Start of Dataset entries
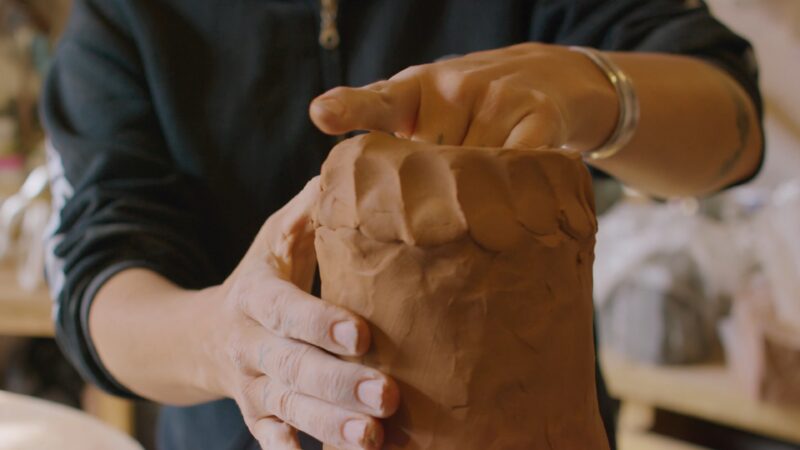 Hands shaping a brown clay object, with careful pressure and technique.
End of Dataset entries
Start of Dataset entries
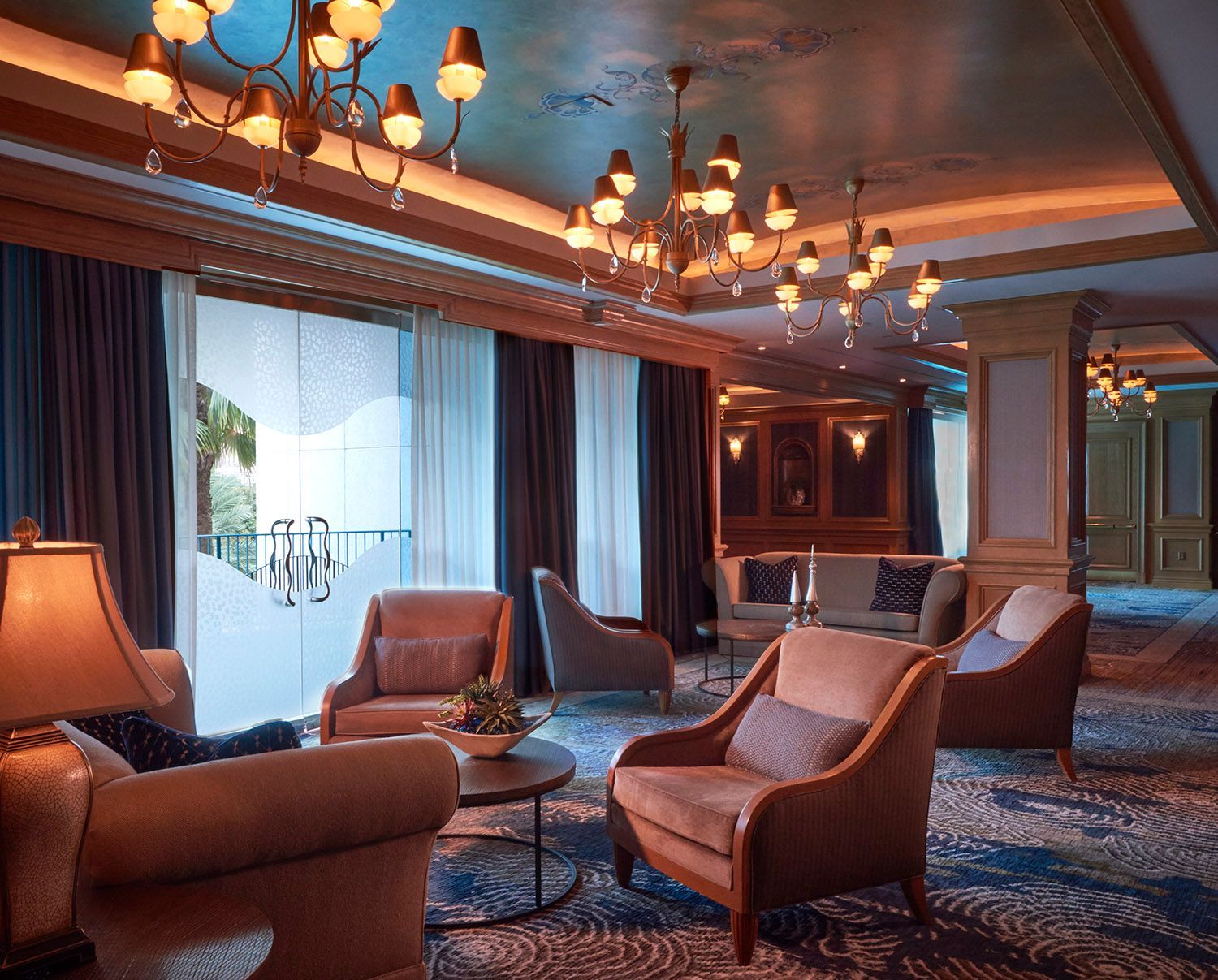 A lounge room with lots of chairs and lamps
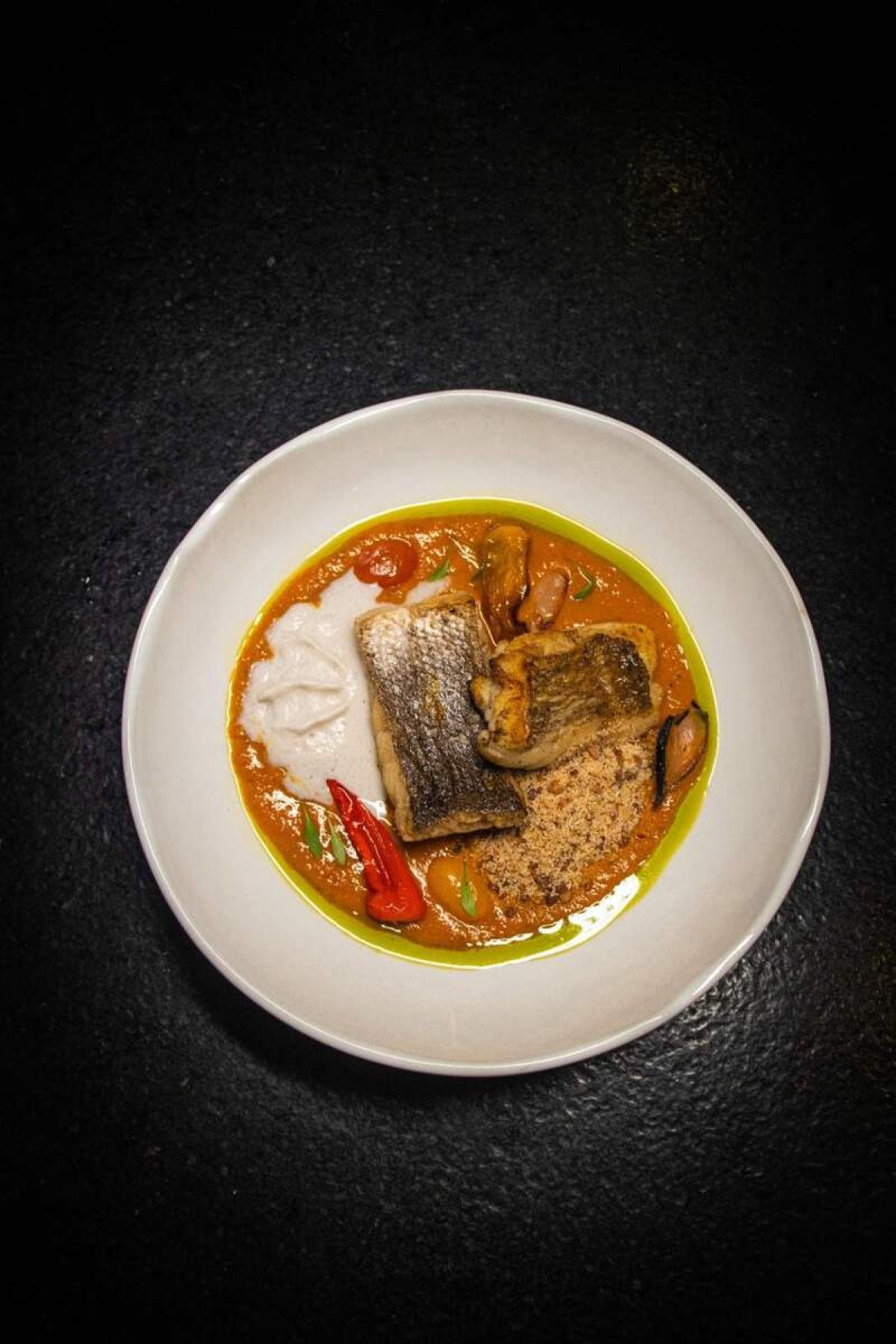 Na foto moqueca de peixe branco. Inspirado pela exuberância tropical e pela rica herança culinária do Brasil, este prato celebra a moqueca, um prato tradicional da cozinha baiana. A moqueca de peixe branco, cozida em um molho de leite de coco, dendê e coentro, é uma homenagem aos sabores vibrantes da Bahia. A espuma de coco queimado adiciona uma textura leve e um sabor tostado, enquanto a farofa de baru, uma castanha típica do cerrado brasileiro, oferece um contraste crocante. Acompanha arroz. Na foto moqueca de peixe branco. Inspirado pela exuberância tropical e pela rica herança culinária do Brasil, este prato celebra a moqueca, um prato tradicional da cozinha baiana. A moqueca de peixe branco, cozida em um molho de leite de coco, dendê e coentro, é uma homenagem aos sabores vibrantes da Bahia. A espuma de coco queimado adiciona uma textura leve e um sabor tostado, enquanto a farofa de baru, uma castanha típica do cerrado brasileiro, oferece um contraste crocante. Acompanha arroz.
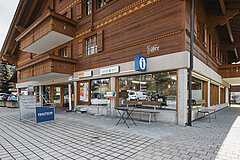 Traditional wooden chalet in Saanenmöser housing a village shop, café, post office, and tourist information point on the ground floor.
End of Dataset entries
In the listing above, find the line containing "A lounge room with lots of chairs and lamps" and the line containing "Acompanha arroz. Na". Reproduce those lines and all between them exactly, with no pictures and nothing more.

 A lounge room with lots of chairs and lamps
 Na foto moqueca de peixe branco. Inspirado pela exuberância tropical e pela rica herança culinária do Brasil, este prato celebra a moqueca, um prato tradicional da cozinha baiana. A moqueca de peixe branco, cozida em um molho de leite de coco, dendê e coentro, é uma homenagem aos sabores vibrantes da Bahia. A espuma de coco queimado adiciona uma textura leve e um sabor tostado, enquanto a farofa de baru, uma castanha típica do cerrado brasileiro, oferece um contraste crocante. Acompanha arroz. Na foto moqueca de peixe branco. Inspirado pela exuberância tropical e pela rica herança culinária do Brasil, este prato celebra a moqueca, um prato tradicional da cozinha baiana. A moqueca de peixe branco, cozida em um molho de leite de coco, dendê e coentro, é uma homenagem aos sabores vibrantes da Bahia. A espuma de coco queimado adiciona uma textura leve e um sabor tostado, enquanto a farofa de baru, uma castanha típica do cerrado brasileiro, oferece um contraste crocante. Acompanha arroz.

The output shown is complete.